Exercise objective:
Leave out the pictures and restate every entry word for word.

Scraped caption text data:
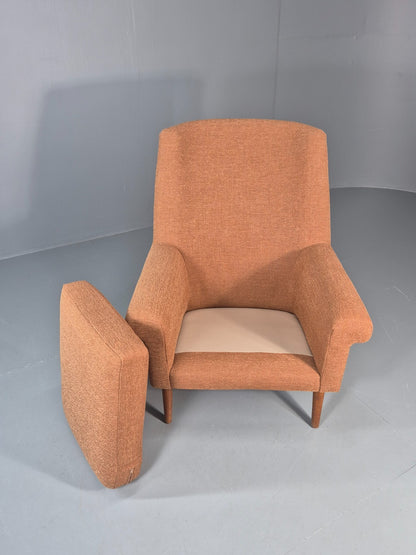 Mid Century Lounge Chair Danish 1960s New Upholstery Retro Teak Leg EB11020 MNOR5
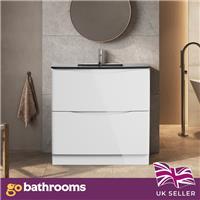 White Floor Standing Vanity Unit With Grey Glass Basin Bathroom Cabinet 900mm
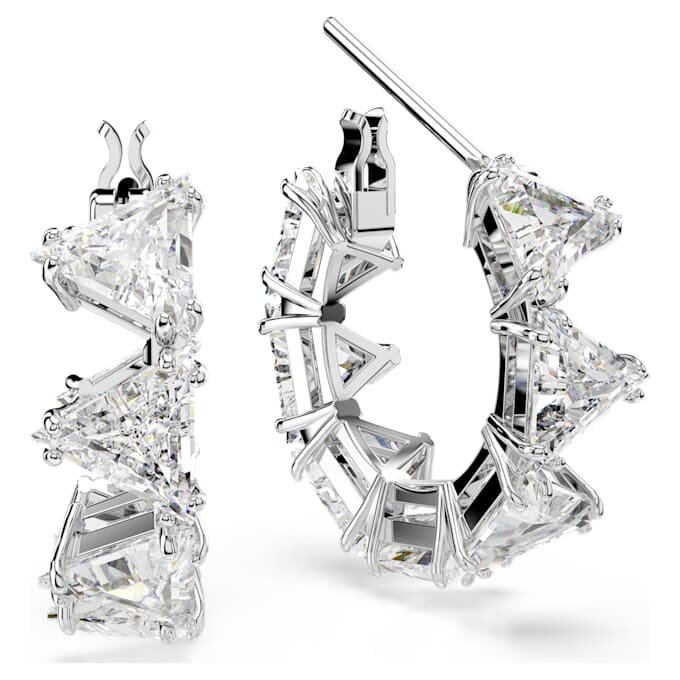 Matrix Hoop Earrings White, Rhodium Plated Matrix Hoop Earrings White, Rhodium Plated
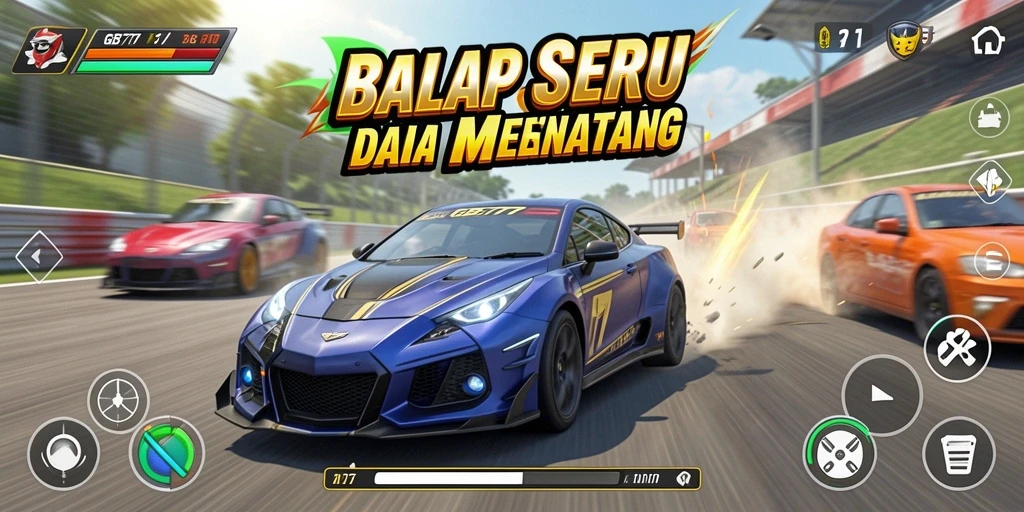 Screenshot gameplay GB777 menampilkan balapan yang seru dan grafis yang tajam.
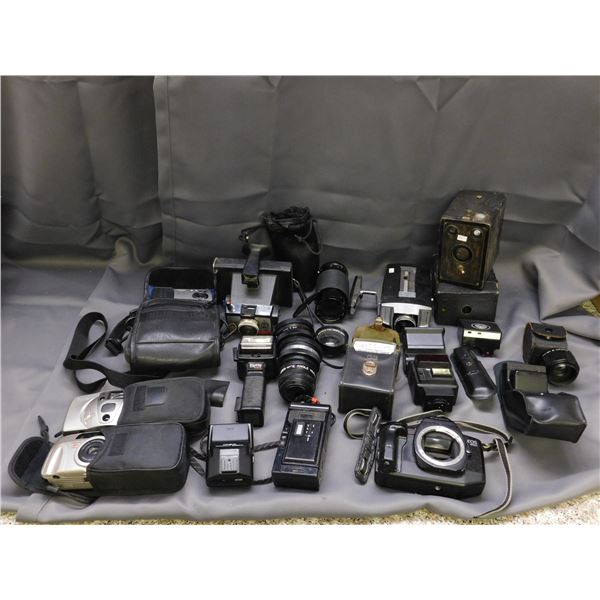 Box of Vintage Cameras & Lenses UNTESTED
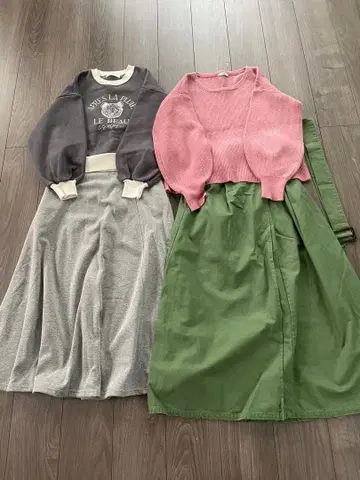 여성용 니트 맨투맨 롱 스커트 세트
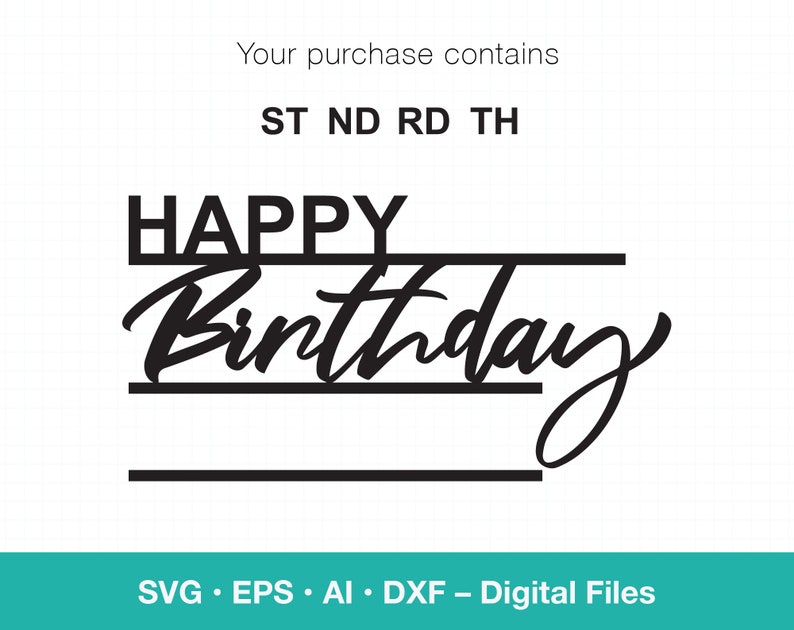 May include: Black and white digital design file for a Happy Birthday sign with lines for a name and age. The file is available in SVG, EPS, AI, and DXF formats.
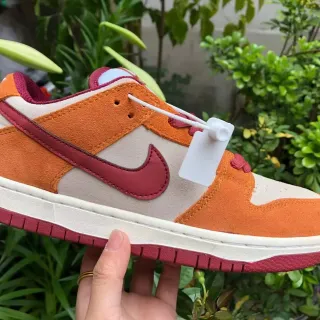 Nike Dunk Low Orange and Maroon Suede Lifestyle Sneakers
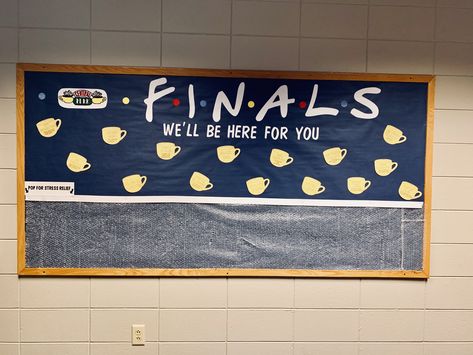 Dorm Bulletin Board Ideas, Finals Bulletin Board, College Bulletin Board, Bulletin Board Themes, Friends Bulletin Board, Residence Life Bulletin Boards, Dorm Bulletin Boards, Res Life Bulletin Boards, Door Decorations College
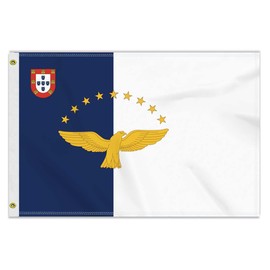 2×3 FT Azores Flag, Medium 60×90 150D Azores Outdoor Banner,Double Side Printing American Decor For Patio Garden With Brass Gromment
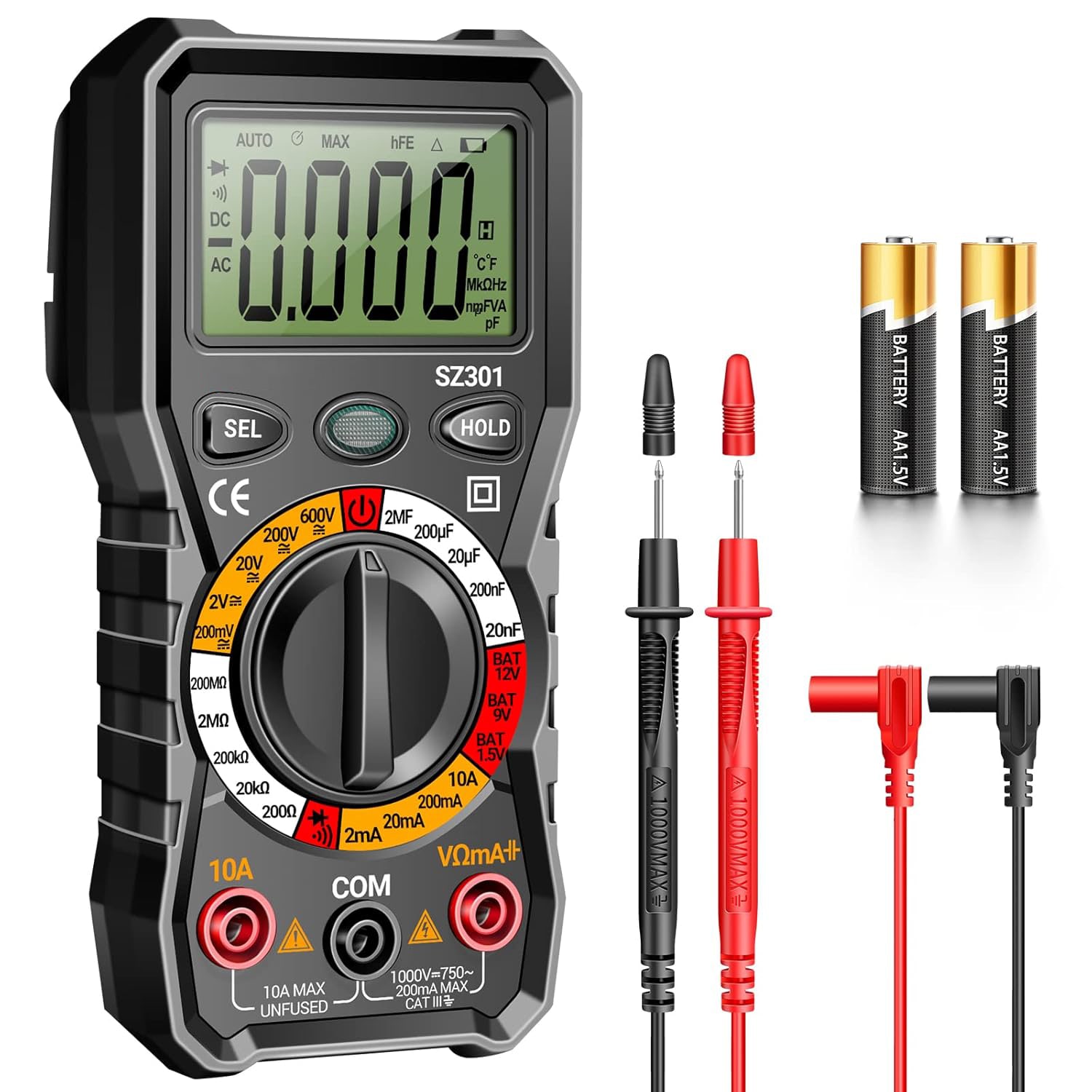 Aoibox Digital Multimeter with Case DC AC Voltmeter Ohm Volt Amp Meter Voltage Current Resistance Continuity Diodes #LABSIOE8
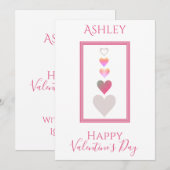名前ハッピーバレンタインデーモダンハートかわいい シーズンカード (正面/裏面)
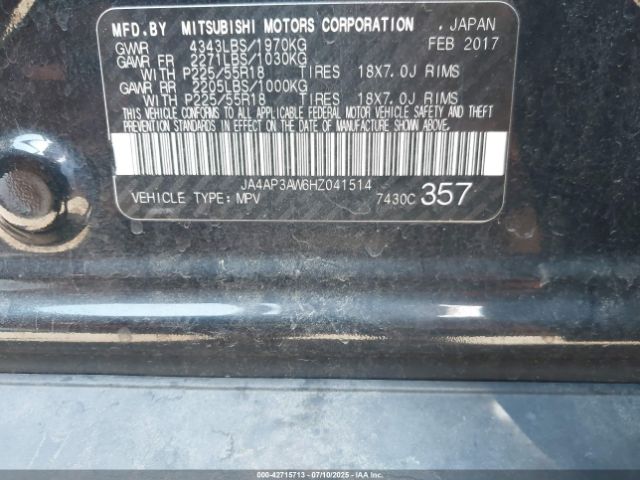 2017 MITSUBISHI OUTLANDER SPORT JA4AP3AW6HZ041514 Photo 8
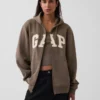 Sweat à capuche zippé pour adulte Vintagesoft Arch Logo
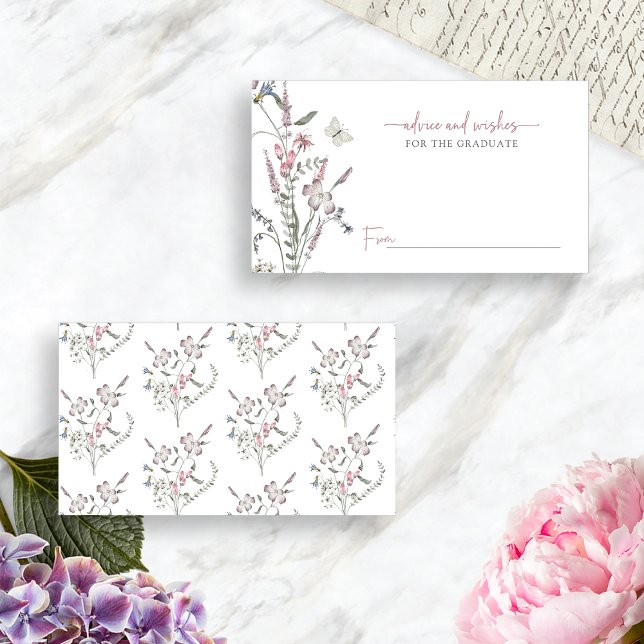 Carte D'accompagnement Conseil Fleur sauvage Pastel (Pastel Wildflower Graduate Advice Enclosure Card with Butterfly by Painted Paperie
)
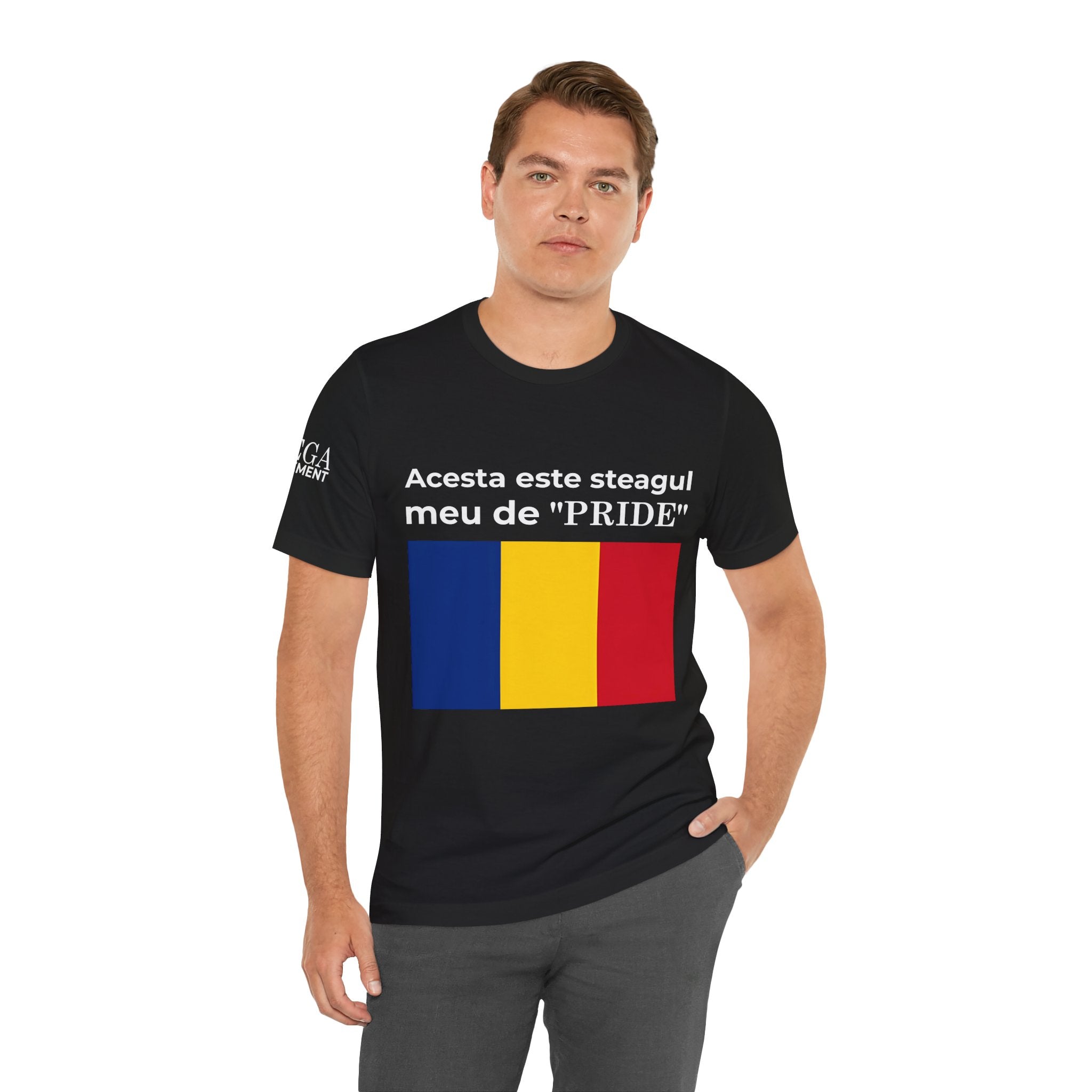 Romania Pride Flag Unisex Tee, Black Short Sleeve Shirt, Comfortable Casual Wear - Mega Movement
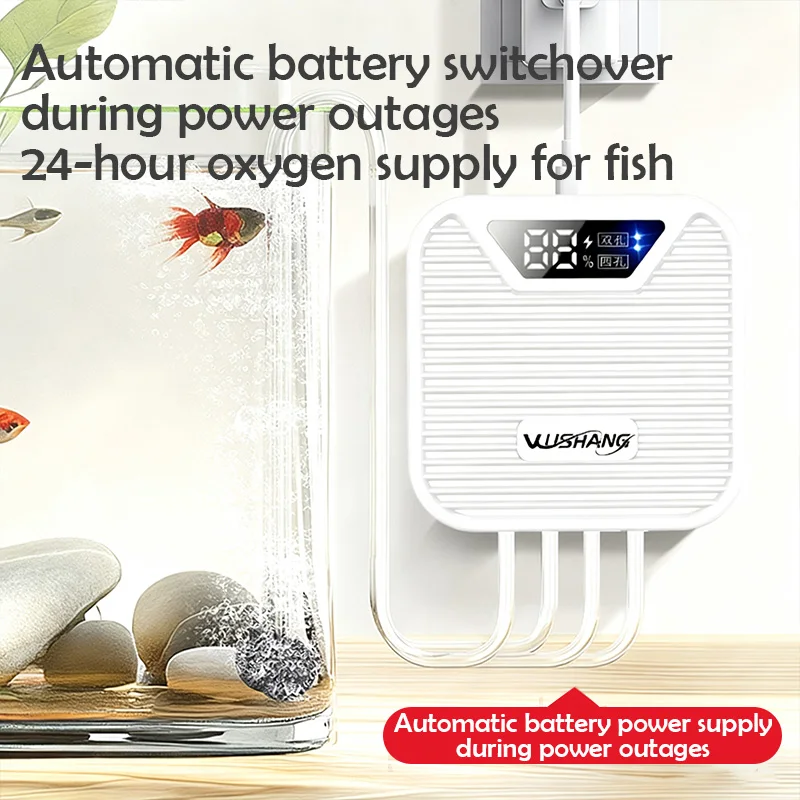 ปั๊มออกซิเจนตู้ปลา 3W เครื่องเติมออกซิเจนสำหรับตกปลา ตู้ปลาภายนอก ชาร์จผ่าน USB เงียบ ช่องจ่ายออกซิเจนคู่/สี่ช่อง 1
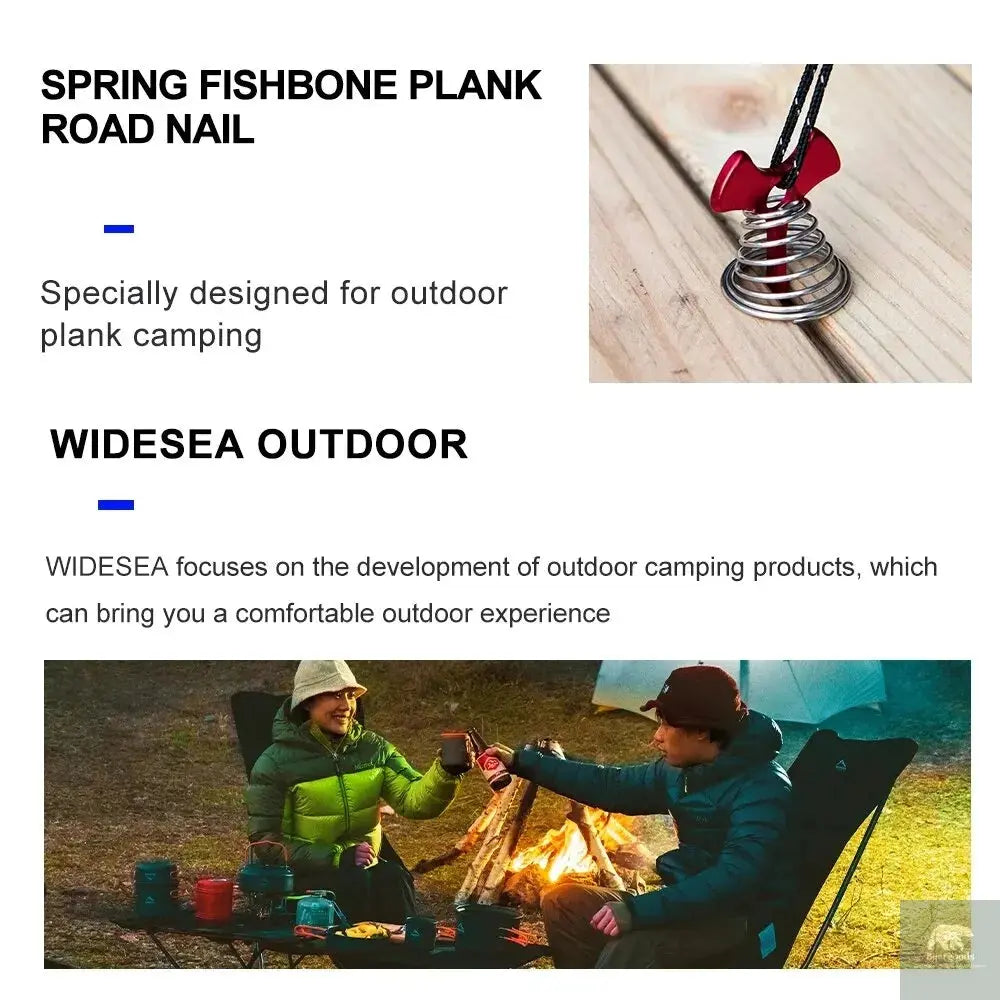Widesea 4Pcs/set Camping Adjustable Plank Spiral Shaped Fish Bone Deck Carabiner Wind Rope Buckles Tent Stakes Hook Board Peg Beargoods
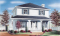 Vue avant - MODÈLE DE BASE - Maison à étage de style anglais, grande cuisine avec îlot, aire ouverte, 3 chambres, 2 walk-in, buanderie - Citatum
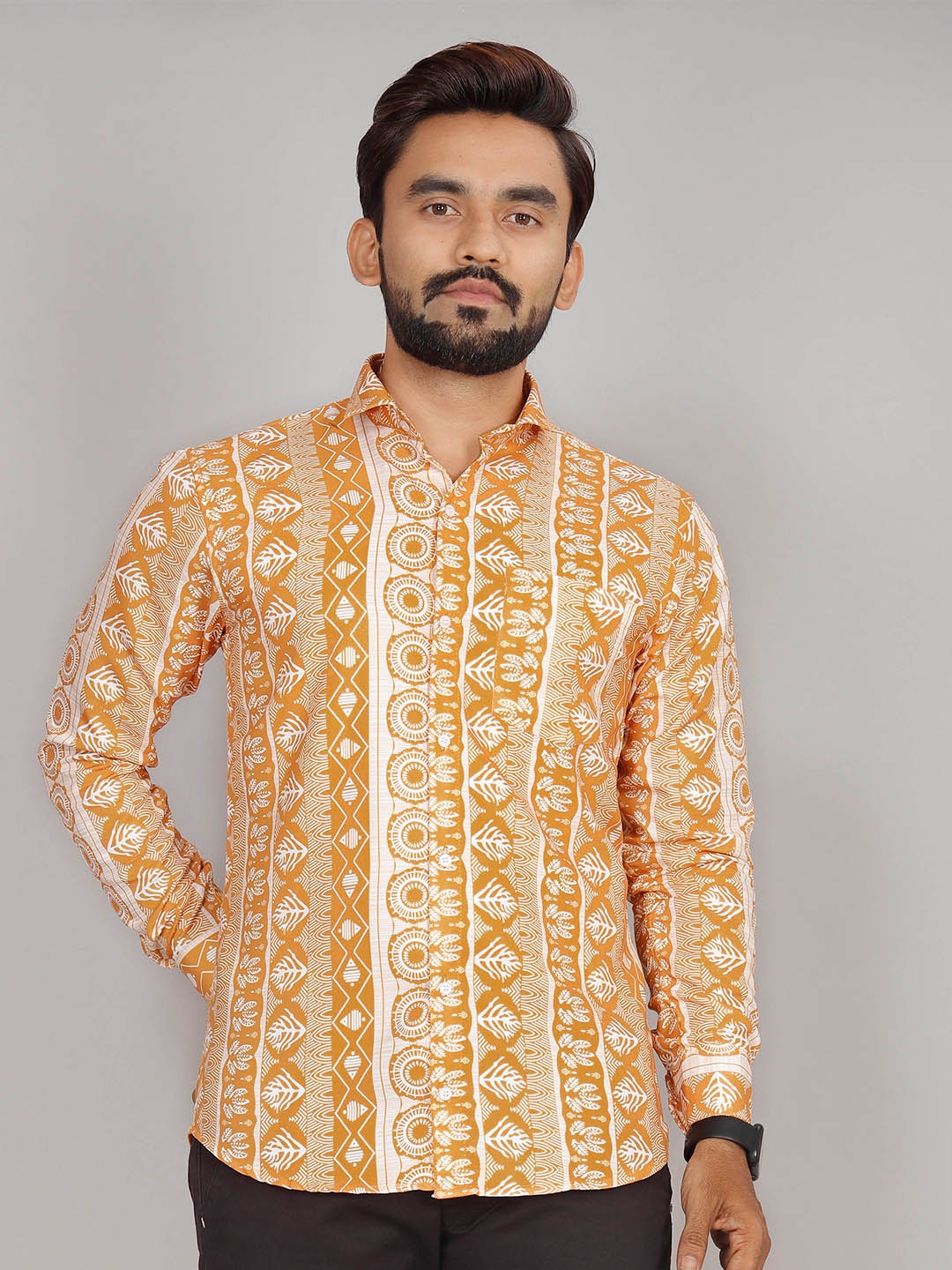 

Indian Fashionista Ethnic Motif Printed Premium Opaque Casual Shirt, Mustard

Answer to this exercise:
 Mid Century Lounge Chair Danish 1960s New Upholstery Retro Teak Leg EB11020 MNOR5
 White Floor Standing Vanity Unit With Grey Glass Basin Bathroom Cabinet 900mm
 Matrix Hoop Earrings White, Rhodium Plated Matrix Hoop Earrings White, Rhodium Plated
 Screenshot gameplay GB777 menampilkan balapan yang seru dan grafis yang tajam.
 Box of Vintage Cameras & Lenses UNTESTED
 여성용 니트 맨투맨 롱 스커트 세트
 May include: Black and white digital design file for a Happy Birthday sign with lines for a name and age. The file is available in SVG, EPS, AI, and DXF formats.
 Nike Dunk Low Orange and Maroon Suede Lifestyle Sneakers
 Dorm Bulletin Board Ideas, Finals Bulletin Board, College Bulletin Board, Bulletin Board Themes, Friends Bulletin Board, Residence Life Bulletin Boards, Dorm Bulletin Boards, Res Life Bulletin Boards, Door Decorations College
 2×3 FT Azores Flag, Medium 60×90 150D Azores Outdoor Banner,Double Side Printing American Decor For Patio Garden With Brass Gromment
 Aoibox Digital Multimeter with Case DC AC Voltmeter Ohm Volt Amp Meter Voltage Current Resistance Continuity Diodes #LABSIOE8
名前ハッピーバレンタインデーモダンハートかわいい シーズンカード (正面/裏面)
 2017 MITSUBISHI OUTLANDER SPORT JA4AP3AW6HZ041514 Photo 8
 Sweat à capuche zippé pour adulte Vintagesoft Arch Logo
 Carte D'accompagnement Conseil Fleur sauvage Pastel (Pastel Wildflower Graduate Advice Enclosure Card with Butterfly by Painted Paperie
)
 Romania Pride Flag Unisex Tee, Black Short Sleeve Shirt, Comfortable Casual Wear - Mega Movement
 ปั๊มออกซิเจนตู้ปลา 3W เครื่องเติมออกซิเจนสำหรับตกปลา ตู้ปลาภายนอก ชาร์จผ่าน USB เงียบ ช่องจ่ายออกซิเจนคู่/สี่ช่อง 1
Widesea 4Pcs/set Camping Adjustable Plank Spiral Shaped Fish Bone Deck Carabiner Wind Rope Buckles Tent Stakes Hook Board Peg Beargoods
 Vue avant - MODÈLE DE BASE - Maison à étage de style anglais, grande cuisine avec îlot, aire ouverte, 3 chambres, 2 walk-in, buanderie - Citatum

Indian Fashionista Ethnic Motif Printed Premium Opaque Casual Shirt, Mustard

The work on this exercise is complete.